Esto cambia totalmente el sentido de nuestros esfuerzos, penas, trabajos y sufrimientos por un mundo más humano y una vida más dichosa para todos. Vivir pensando en los que sufren, estar cerca de los más desvalidos, echar una mano a los indefensos… seguir los pasos de Jesús, no es algo absurdo. Es caminar hacia el Misterio de un Dios, que resucitará para siempre nuestras vidas.
Los pequeños abusos que podamos padecer, las injusticias, rechazos o incomprensiones que podamos sufrir, son heridas que un día cicatrizarán para siempre. Hemos de aprender a mirar con más fe las cicatrices del Resucitado. Así serán un día nuestras heridas de hoy. Cicatrices curadas por Dios para siempre.
Esta fe nos sostiene por dentro y nos hace más fuertes para seguir corriendo riesgos. Poco a poco hemos de ir aprendiendo a no quejarnos tanto, a no vivir siempre lamentándonos del mal que hay en el mundo y en la Iglesia, a no sentirnos siempre víctimas de los demás. ¿Por qué no podemos vivir como Jesús, diciendo: «Nadie me quita la vida, sino que soy yo quien la doy»?
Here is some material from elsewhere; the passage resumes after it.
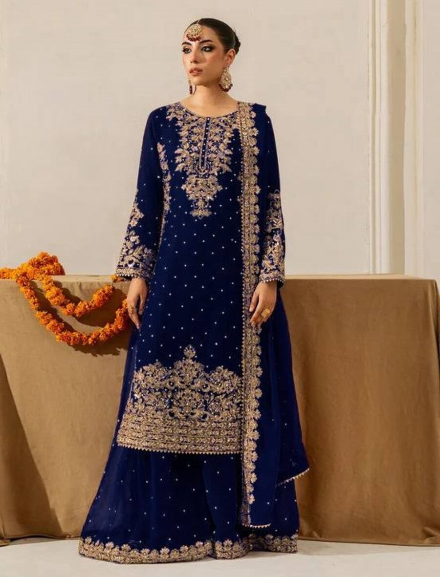 DESIGNER GEORGETTE CODING AND SEQUENCE WITH RIVET MOTI WORK TOP PALAZZO WITH DUPATTA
Seguir al Crucificado hasta compartir con él la resurrección es, en definitiva, aprender a «dar la vida», el tiempo, nuestras fuerzas y, tal vez, nuestra salud por amor. No nos faltarán heridas, cansancio y fatigas. Una esperanza nos sostiene: un día, «Dios enjugará las lágrimas de nuestros ojos, y no habrá ya muerte ni habrá llanto, ni gritos ni fatigas, porque todo este mundo viejo habrá pasado».